Aleksandra Śmiech

Personal information
- Nationality: Polish
- Born: 2 October 1997 (age 28)

Sport
- Country: Poland
- Sport: Athletics
- Event: Hammer throw

Medal record
Women's athletics
Representing Poland
Summer World University Games
| Bronze medal – third place | 2021 Chengdu | Hammer throw |

= Aleksandra Śmiech =

Polish athlete (born 1997)

Aleksandra Śmiech (born 2 October 1997) is a Polish hammer thrower. She represented Poland at the 2023 World Athletics Championships and won a bronze medal at the 2021 Summer World University Games.

==Biography==
From Antoniówka, Radom County, Śmiech is a member of Agros Zamość and is coached by Mikołaj Rosa. In May 2023, she made a hammer throw over 70 metres for the first time, and in June improved again with a new personal best of 71.14 metres in Geneva. Shortly afterwards, she won her fifth consecutive Polish University title.
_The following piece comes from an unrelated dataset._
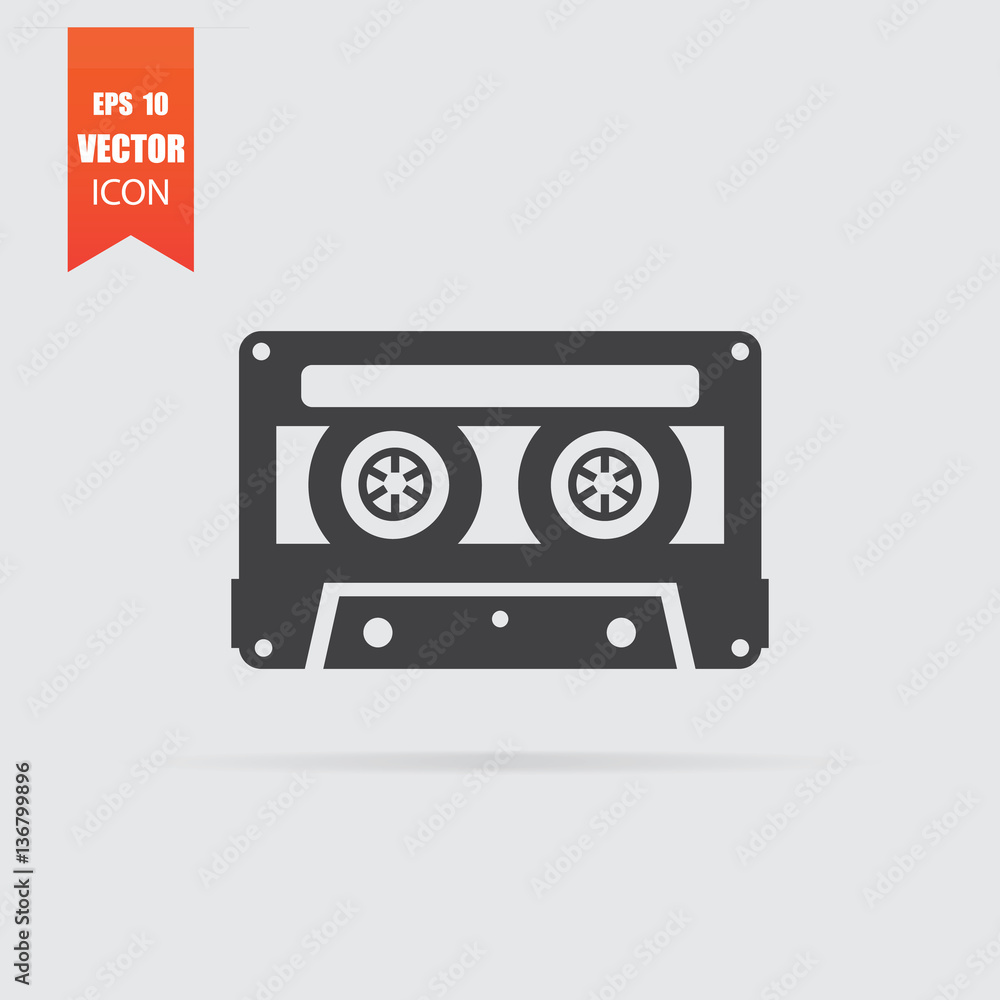 Cassette icon in flat style isolated on grey background. Cassette icon in flat style isolated on grey background.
Competing at the delayed 2021 Summer World University Games held in Chengdu, China, in August 2023, Śmiech won the bronze medal in the women's hammer throw. She also had a third place finish that year behind Malwina Kopron and Anita Włodarczyk at the Polish Athletics Championships, and represented Poland at the 2023 World Athletics Championships in Budapest.

Śmiech had an eighth place finish representing Poland at the 2024 European Throwing Cup in Portugal in March 2024, with a throw of 67.12 metres. She had fourth place finish at the 2025 Polish Championships in Bydgoszcz with a throw of 66.23 metres.
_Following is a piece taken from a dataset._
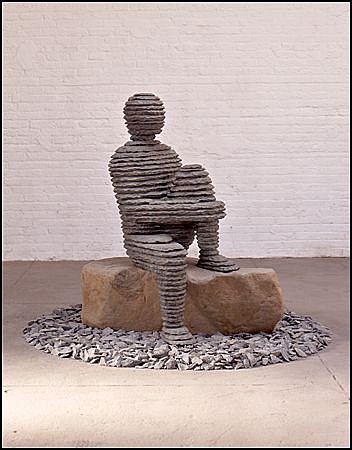 Boaz Vaadia, Eli'av (#41); edition 0/5, 1997
Bronze, Boulder and Bluestone, 51 x 62 x 62 in. (129.5 x 157.5 x 157.5 cm)
Boaz Vaadia’s Eli'av (#41) (1997) is an exquisite bronze, boulder, and bluestone sculpture that exemplifies the artist’s ability to transform raw materials into timeless figurative compositions. This editioned work (0/5), measuring 51 x 62 x 62 inches, features a seated figure composed of Vaadia’s signature stacked stone layers, reinforcing the natural connection between humanity and geological formations.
in June 2026, Śmiech threw over 70 metres again to win a competition in Malaga, Spain with a distance of 70.84 metres. In July, she finished runner-up to Włodarczyk at the 2026 Polish Athletics Championships. In August, Śmiech qualified for the final of the game throw at the 2026 European Athletics Championships in Birmingham, having thrown 68.93 metres in the preliminary round, prior to placing eighth overall in the final.